Dicer-substrate siRNAs (DsiRNAs) are chemically synthesized 27-mer duplex RNAs that have increased potency in RNA interference compared to traditional siRNAs.RNAi DESIGN (IDT Integrated DNA Technologies)
pssRNAit - Designing effective and specific plant RNAi siRNAs with genome-wide off-target gene assessment.
DSIR is a tool for siRNA (19 or 21 nt) and shRNA target design. (Reference: Vert JP et al. 2006. BMC Bioinformatics 7:520).
SpecificityServer is designed to help you identify potential non-specific matches to your siRNA. It incorporates the latest information about non-specific matches (sequence-specific only).
Imgenex siRNA retriever program has been designed to select siRNA encoding DNA oligonucleotides that can be cloned into one of the pSuppressor vectors. The input sequence can be directly accessed from a Genbank accession or sequence provided by the researcher.
siDRM is an implementation of the DRM rule sets for selecting effective siRNAs. The authors have performed an updated analysis using the disjunctive rule merging (DRM) approach on a large and diverse dataset compiled from siRecords, and implemented the resulting rule sets in siDRM, a new online siRNA design tool. siDRM also implements a few high-sensitivity rule sets and fast rule sets, links to siRecords, and uses several filters to check unwanted detrimental effects, including innate immune responses, cell toxic effects and off-target activities in selecting siRNAs. (Reference: Gong W et al. 2008. Bioinformatics 24:2405-2406).
Realtime PCR primer design:
RealTimeDesign (Biosearch Technoloogies) - free but requires registration.
QuantPrime - is a flexible program for reliable primer design for use in larger qPCR experiments. The flexible framework is also open for simple use in other quantification applications, such as hydrolyzation probe design for qPCR and oligonucleotide probe design for quantitative in situ hybridization. (Reference: S. Arvidsson et al. 2008. BMC Bioinformatics 9:465)

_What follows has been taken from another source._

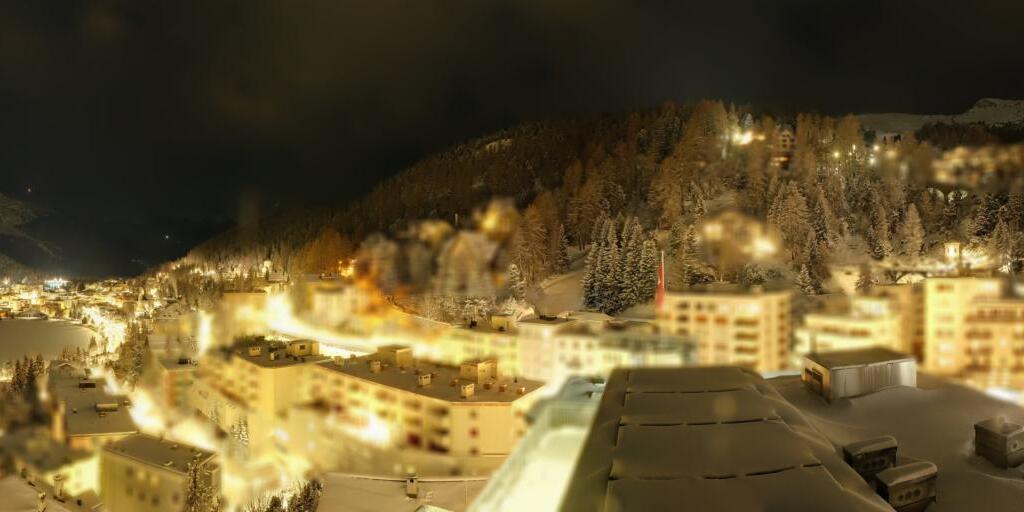 St. Moritz Moritz Sáb. 21:35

Introduction of mutations:
WatCut (Michael Palmer, University of Waterloo, Canada) - takes an oligonucleotide and introduces silent mutations in potential restriction sites such that the amino acid sequence of the protein is unaltered.

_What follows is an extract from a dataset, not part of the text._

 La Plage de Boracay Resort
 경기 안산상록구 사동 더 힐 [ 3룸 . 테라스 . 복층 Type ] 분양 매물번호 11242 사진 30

PrimerX - can be uused to automate the design of mutagenic primers for site-directed mutagenesis. It is available in two flavours (a) Primer Design Based on DNA Sequence and (b) Primer Design Based on Protein Sequence
When you are ready to set-up your PCR reaction see:
PCR Box Titration Calculator (Allotron Biosensor Corporation) - for figuring out the amounts of each reagent to use in a two-dimensional box titration for PCR. For standard PCR reactions adjust volume, and change "row" and "column" number to "1", click on all the "top" or "bottom" and "done".

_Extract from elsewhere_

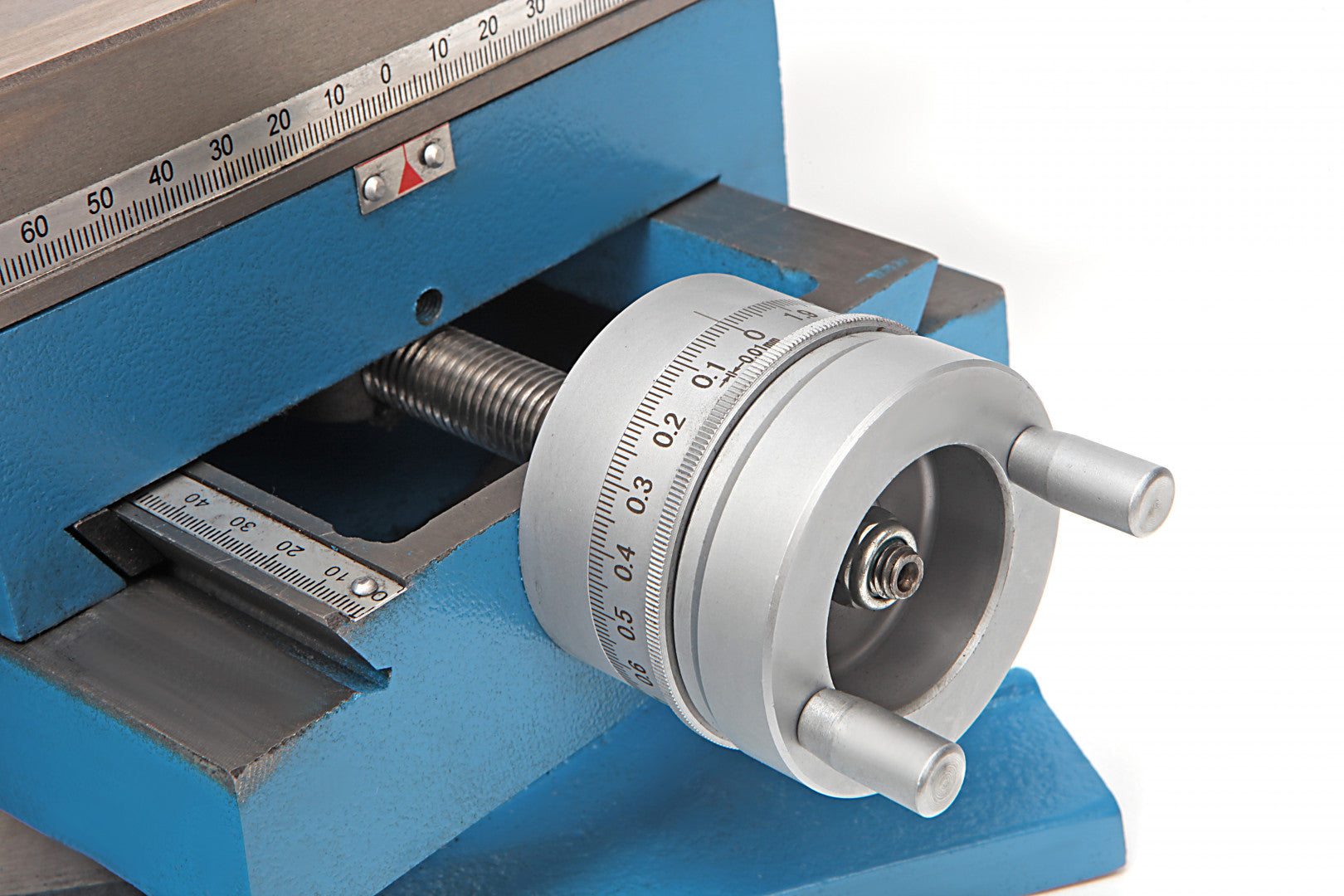 ÁLLÍTHATÓ KERESZTASZTAL FORGATHATÓ KERETTEL 330 LCT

PCR Reaction Mixture Setup (R. Kalendar, University of Helsinki, Finland) - very nice site (requires Java).
Primer presentation on the DNA sequence:
Sequence Extractor (Paul Stothard) - generates a clickable restriction map and PCR primer map of a DNA sequence (accepted formats are: raw, GenBank, EMBL, and FASTA) offering a great deal of control on output. Protein translations and intron/exon boundaries are also shown. Use Sequence Extractor to build DNA constructs in silico.